Grace found success astoundingly quickly, landing a leading role in the touring company of Kinky Boots almost right out of college (Ithaca College: a foremost musical theatre program for you parents searching for your college bound juniors and seniors). She stayed with the company for over a year and soon afterward was cast in the touring company of Waitress (as an understudy for the lead actor, Jenna, among other roles, and performed as the star on several occasions). Her reflections on over three years and hundreds of performances are much like what we all think of our jobs: glamorous, romantic, well-paying, and filled with hours of diverting travel activities. NOT!!! It was hard work with 8 shows a week including a travel day, prior to the next week of 8 shows. For three years. While those of us who got to catch up with her backstage after a performance basked in her glory, she was thinking about getting something to eat and getting enough rest for tomorrow’s show(s) or travel. Her graciousness speaks volumes about the individual far beyond her skills as a performer.

Grace was never a dancer growing up. Like most Steamboat kids, she skied, played basketball (leading scorer for the Steamboat Sailors), ran track, and was generally athletic. Combining her natural athleticism with the same work ethic she demonstrated early on for singing and acting, has enabled her to become the classic Broadway “triple threat.” She was able to learn the dance moves required for her role in the morning, practice them during the lunch break, and return in the afternoon with some degree of mastery: “I can’t kick myself in the face but I am a mover.”

The past 12 months of pandemic – and continuing – have been particularly difficult and tragic for performing artists in New York. The Broadway theatres are closed and will be for most of the year. Grace was weeks away from her first opening on Broadway with contract signed and costume fitted, when the world turned upside. Many of her friends and colleagues took other jobs telecommuting; or left the city entirely. Fortunately, although Grace wasn’t able to do much else other than perform, the “else” has turned into a fulfilling career in photography and videography. Her side gig has become her main gig for another year and it’s taught her an important lesson: “cultivate the human being that you are and the performer inside you benefits.” Reflecting on her younger self, she realizes that while she’s found success and failure, she could have avoided a lot of pain and suffering in her career if she had cared a little less. “You’ll lose roles because you’re taller than the leading man [there’s that height thing again] or if a Tony award winner suddenly becomes available. But it’s not YOUR fault! Bring what YOU can offer to an audition or a performance, and avoid the rest of the drama.”

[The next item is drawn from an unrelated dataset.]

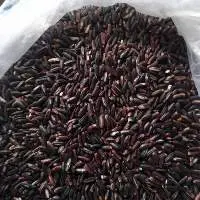 Black Rice (kalabhaat)
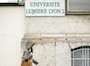 vigie lyon2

Caitlin is a professor of dance at Marymount College in NYC. She’s been instrumental in educating dancers here in Steamboat via zoom if not in person. Her appreciation has grown for the confidence and self-assuredness children exude when performing. She wants to support them harnessing their dreams while offering insights into the business of the performing arts; because it is – after all – a business. If there is one final common denominator from both of these outstanding artists, it is that at the end of the day, you should – no matter what parents or peers or guidance counselors recommend – “Follow that damn dream!!!” Do what you do for love.


“Kiss today goodbye

And point me toward tomorrow

We did what we had to do

Won’t forget, can’t regret

What I did for love

What I did for love” 

A Chorus Line {Songwriters: Marvin Hamlisch / Edward Kleban)


Grace Stockdale: be yourself, stand up for yourself, do your work, move on.